• [WORK TO BE COMPLETED]: Please output, without any change, the lines of the material below from the very first through the one with "146383 vidaXL Fence".

TASK INPUT below:

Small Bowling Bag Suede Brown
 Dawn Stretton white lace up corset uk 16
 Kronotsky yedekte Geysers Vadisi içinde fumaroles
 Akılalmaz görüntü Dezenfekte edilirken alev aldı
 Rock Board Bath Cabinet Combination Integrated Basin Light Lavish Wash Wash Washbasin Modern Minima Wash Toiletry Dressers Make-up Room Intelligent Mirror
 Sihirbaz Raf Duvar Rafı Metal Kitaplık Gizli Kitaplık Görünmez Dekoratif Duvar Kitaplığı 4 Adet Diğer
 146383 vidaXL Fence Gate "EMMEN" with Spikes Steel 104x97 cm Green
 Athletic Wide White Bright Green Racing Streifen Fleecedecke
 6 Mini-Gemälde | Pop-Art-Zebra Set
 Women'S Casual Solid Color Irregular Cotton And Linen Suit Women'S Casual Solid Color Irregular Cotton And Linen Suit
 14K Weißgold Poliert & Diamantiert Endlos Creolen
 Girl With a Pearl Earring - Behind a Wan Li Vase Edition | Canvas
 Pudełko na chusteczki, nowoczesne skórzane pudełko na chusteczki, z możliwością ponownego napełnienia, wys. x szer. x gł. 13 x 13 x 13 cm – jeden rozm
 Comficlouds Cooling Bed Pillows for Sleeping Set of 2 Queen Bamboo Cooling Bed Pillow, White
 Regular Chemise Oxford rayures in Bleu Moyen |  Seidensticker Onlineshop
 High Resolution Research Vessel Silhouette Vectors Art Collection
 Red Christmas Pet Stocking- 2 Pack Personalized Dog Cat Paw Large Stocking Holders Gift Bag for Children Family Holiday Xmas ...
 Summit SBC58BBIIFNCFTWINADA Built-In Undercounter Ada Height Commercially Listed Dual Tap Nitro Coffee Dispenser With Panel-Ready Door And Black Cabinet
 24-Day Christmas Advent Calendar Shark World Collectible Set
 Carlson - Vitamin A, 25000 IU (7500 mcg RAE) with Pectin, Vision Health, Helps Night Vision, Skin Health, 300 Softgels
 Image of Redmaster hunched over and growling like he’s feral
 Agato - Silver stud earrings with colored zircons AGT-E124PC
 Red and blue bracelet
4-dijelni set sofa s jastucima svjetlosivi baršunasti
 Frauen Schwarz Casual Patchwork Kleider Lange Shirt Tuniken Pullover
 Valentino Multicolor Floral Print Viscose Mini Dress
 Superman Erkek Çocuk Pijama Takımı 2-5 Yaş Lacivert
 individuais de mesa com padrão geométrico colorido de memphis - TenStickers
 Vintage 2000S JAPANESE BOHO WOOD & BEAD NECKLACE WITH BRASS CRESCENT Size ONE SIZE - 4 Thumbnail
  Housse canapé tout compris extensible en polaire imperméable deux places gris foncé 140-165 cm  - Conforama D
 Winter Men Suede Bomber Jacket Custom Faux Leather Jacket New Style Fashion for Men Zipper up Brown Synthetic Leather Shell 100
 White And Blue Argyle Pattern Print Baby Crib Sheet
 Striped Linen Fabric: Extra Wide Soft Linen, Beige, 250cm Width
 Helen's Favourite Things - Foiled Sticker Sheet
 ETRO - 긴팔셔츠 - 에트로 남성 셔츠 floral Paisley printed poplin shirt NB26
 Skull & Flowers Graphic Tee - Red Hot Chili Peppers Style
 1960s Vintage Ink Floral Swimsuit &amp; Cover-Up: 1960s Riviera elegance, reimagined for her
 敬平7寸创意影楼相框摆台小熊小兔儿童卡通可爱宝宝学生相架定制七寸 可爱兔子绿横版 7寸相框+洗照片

End of TASK INPUT.

• [OUTPUT FOR THIS TASK]:
Small Bowling Bag Suede Brown
 Dawn Stretton white lace up corset uk 16
 Kronotsky yedekte Geysers Vadisi içinde fumaroles
 Akılalmaz görüntü Dezenfekte edilirken alev aldı
 Rock Board Bath Cabinet Combination Integrated Basin Light Lavish Wash Wash Washbasin Modern Minima Wash Toiletry Dressers Make-up Room Intelligent Mirror
 Sihirbaz Raf Duvar Rafı Metal Kitaplık Gizli Kitaplık Görünmez Dekoratif Duvar Kitaplığı 4 Adet Diğer
 146383 vidaXL Fence Gate "EMMEN" with Spikes Steel 104x97 cm Green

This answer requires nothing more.